Desde hace ya varios años sigo con interés la multiplicidad de eventos organizados por variopintas asociaciones que recrean en Buenos Aires épocas pasadas. Hay una marcada inclinación por la Edad Media, incluyendo el Renacimiento. Los vikingos han sido muy populares, quizá demasiado y tal vez por eso se exploran nuevas vetas, como el medioevo en Rusia, los samuráis, el Imperio Romano… Abundan también las sociedades históricas que se inclinan por la recreación de eventos locales, como los regimientos militares de la época de la Independencia, o lo internacional pero más contemporáneo, como la Segunda Guerra Mundial. No faltan quienes se liberan de las restricciones de la historia y buscan para sus actividades inspiración literaria, como el mundo élfico de Tolkien o el retrofuturismo.

Un nuevo protagonista se ha sumado con irresistible atractivo al escenario del pasado: el combate medieval. A diferencia de la recreación histórica, si bien se basa en la investigación de técnicas y estrategias militares medievales, es un deporte con rango internacional.

Esta amplia cultura, o subcultura, es muy dinámica. Por ejemplo, el que participa de un grupo de medioevo lombardo muy bien puede también unirse a un grupo de escoceses, simultánea o sucesivamente.

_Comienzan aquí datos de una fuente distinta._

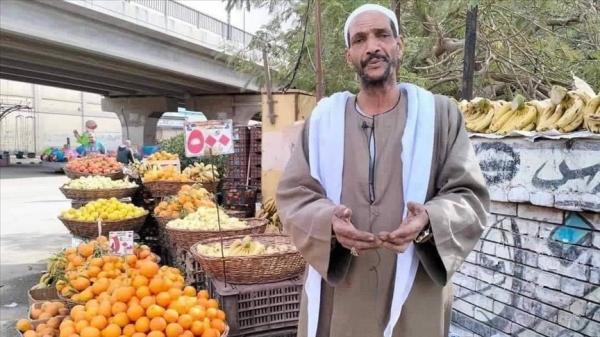 بائع برتقال مصري يخطف قلوب الملايين  ..  ما القصة ؟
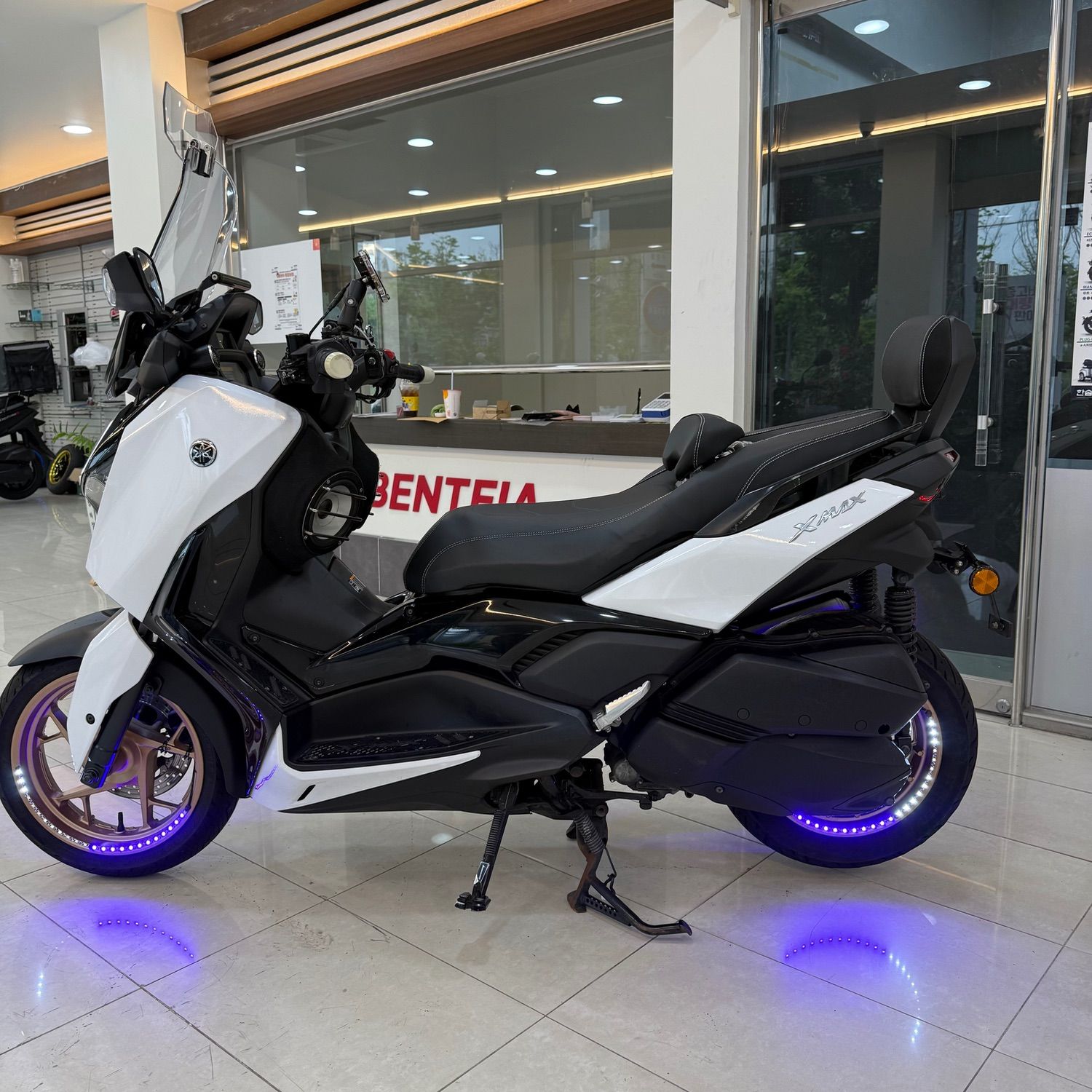 야마하 XMAX 300 ABS thumb 2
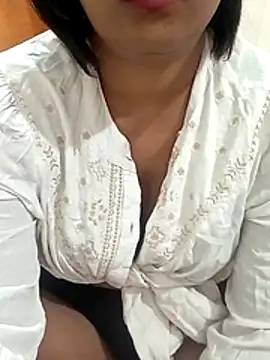 Queen_Kushi4 live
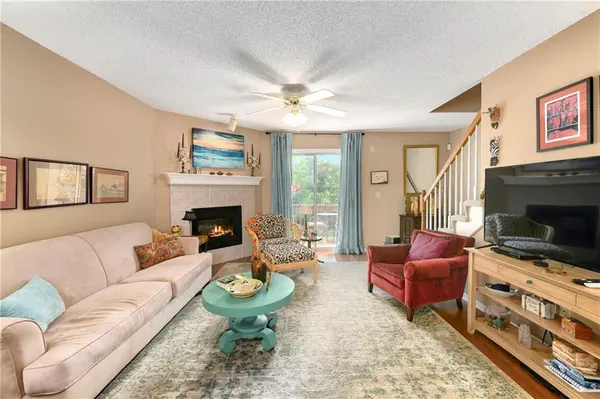 4701 Haden CT, Kansas City, MO 64136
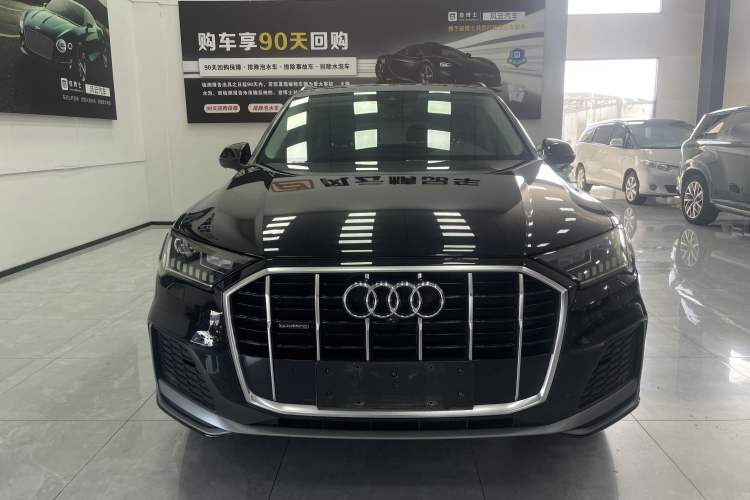 Used Audi Q7 2021 45 TFSI quattro S line Sport model Exterior 4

Todo esto está rodeado de una actividad artesanal intensa, de buena calidad y a veces próspera: orfebrería, diseño de indumentarias, de accesorios, de miniaturas, de juegos, de armas, armaduras, escudos, cascos, arcos, ballestas, mazos, fabricantes de perfumes, de cerveza, de embutidos, de panes, de bebidas espirituosas… todo contribuye a crear un ambiente histórico, tal vez poco riguroso pero siempre estimulante y colorido.

En esos eventos he conversado con muchas personas. La mayoría tiene una vida “civil” y dedica su tiempo libre a esta otra vida en donde encuentran diversión, propósito y nuevas amistades. Algunos son grupos grandes donde conviven todo tipo de personas, tanto hombres como mujeres, barrenderos, médicos, maestras, ex policías, abogados, estilistas… No es raro verlos cocinar con leña en grandes ollas, con ingredientes y recetas que procuran acercarse a la época histórica recreada, tal como sucede con atavíos, calzados y peinados.

Para quienes sienten que no se ajustan del todo a su entorno, o tienen un día de extrañamiento psíquico, resulta terapéutico acudir a uno de esos eventos, lugares donde la rareza reina.

Creo que este espacio de fantasía y añoranza, esta segunda vida llena de emociones, no solo suple la ausencia de sentimientos intensos que genera una experiencia con la naturaleza, no solo satisface la necesidad de romper con la inabarcabilidad de una ciudad gigante y plana… Intuyo que esta recreación del pasado ofrece también la posibilidad de asomarse a la vida antes-de-la-tecnología. En vez de un video juego, practicamos arquería; en vez de microondas, preparamos guisos sobre leños encendidos; en vez de ropa de marca, cosemos túnicas; en vez de peluquerías, trenzamos las melenas.

Paradójicamente, como la realidad del presente nos abruma, regresamos a la experiencia de un pasado donde la vida se siente “más real”.

 

 

 

Marcela trabaja como personal de mantenimiento. Su personaje se inspira en el mundo élfico.

 

 

 

 

Boris es violinista de orquesta. Le apasiona el movimiento steampunk, su personaje es un caballero victoriano.

 

 

 

 

Gabriel es radiólogo. Su personaje es un comerciante del medioevo ruso.

 

 

 

 

Adriana es maestra y Verónica pastelera. Forman parte de un grupo que recrea la Edad Media en Europa del este.

 

 

 

 

Mariano abandonó la ingeniería química y ahora es herrero.

 

 

 

 

Duilio es ingeniero de sistemas y combatiente medieval.

 

 

Blanca Strepponi es una escritora y editora argentina. Autora de numerosos libros, entre ellos la obra de teatro Birmanos (1991), el libro de relatos El médico chino (1999), y los libros de poemas El jardín del verdugo (1992), Las vacas (1995), Diario de John Roberton (1996), Poemas visibles (1998) y Balada de la revelación (2004). También ha trabajado en cine como coguionista y ha sido productora gráfica para diversas editoriales venezolanas. Reside en Buenos Aires.